ラストにお互いが、戦争を終わらそうという手紙を書いて瓶にいれてお互いの穴に投げるのだが、その手紙は1つではなく、たくさんの手紙が穴に降り注ぐ。
二人だけの世界だと思っていたら、世界にはたくさんの人がいるってことだと私は理解したのだけど、これもまさしくそうだなぁと納得した。
私の知らない人は世界には山ほどいるんだ。
こういう気づきは大事だな。

この舞台、セットはとてもシンプルで、穴のあいた大きな布が動くだけなのだが、それがとても効果的だった。
その潔い舞台装置に美しさも感じた。
豪華であれば良いってもんじゃないんだなぁ。

そして、役者のお二人がとても声が良い。
よく通る声。
大鶴佐助は滑舌が素晴らしく、とても聞きやすい。
宮沢氷魚さん、声が私の好みのドストライク!いや、いい声、ずっと聞いていたい。
声が良いって舞台役者には無敵の武器だわ。

あと、ミーハーな感想書くと、宮沢氷魚さんの体型もめちゃめちゃ好みです。

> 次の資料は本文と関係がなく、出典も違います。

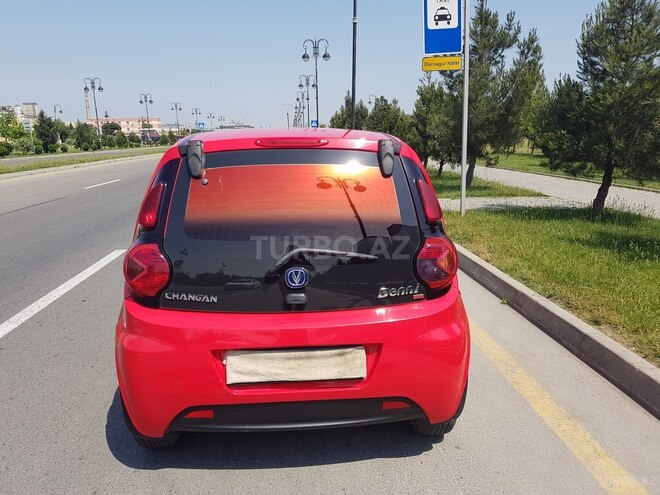Changan Benni 2014, 23,000 km - 1.0 л - Bakı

背が高くて、細くて、適度に筋肉質。

二人の上裸見れちゃいます(笑)
大鶴さんはお尻半分まで見えてたけど、大丈夫なのか(苦笑)

ともすると、かなり暗い話になりそうな極限状態の二人のストーリーなのだが、所々にコミカルさが散りばめられていて、適度に軽い。
その軽さが、今のご時世に演劇を観るには助かるなと思った。
現実が重い今、虚構の世界もあまりにも重いとしんどい。
笑いの部分も含みつつ、しっかりと考えさせられるテーマもみせる舞台、私の超絶好みでした。
良いもの観たな。

特に誰のファンでもなく、たまたま目にしたHPをみて、これ面白そうだなと思った私の演劇に対する野生の勘! 誰も誉めてくれることではないので、自分で誉めておこう(笑)
以前のように観劇三昧というわけにはいかず、かなり絞りこんで観に行く演目を決めているので、野生の勘は大事。
自分にとって面白いものを嗅ぎ取る力は養いたい。

実になる演劇体験ができたなぁと、ホクホクとした気分になった1日でした。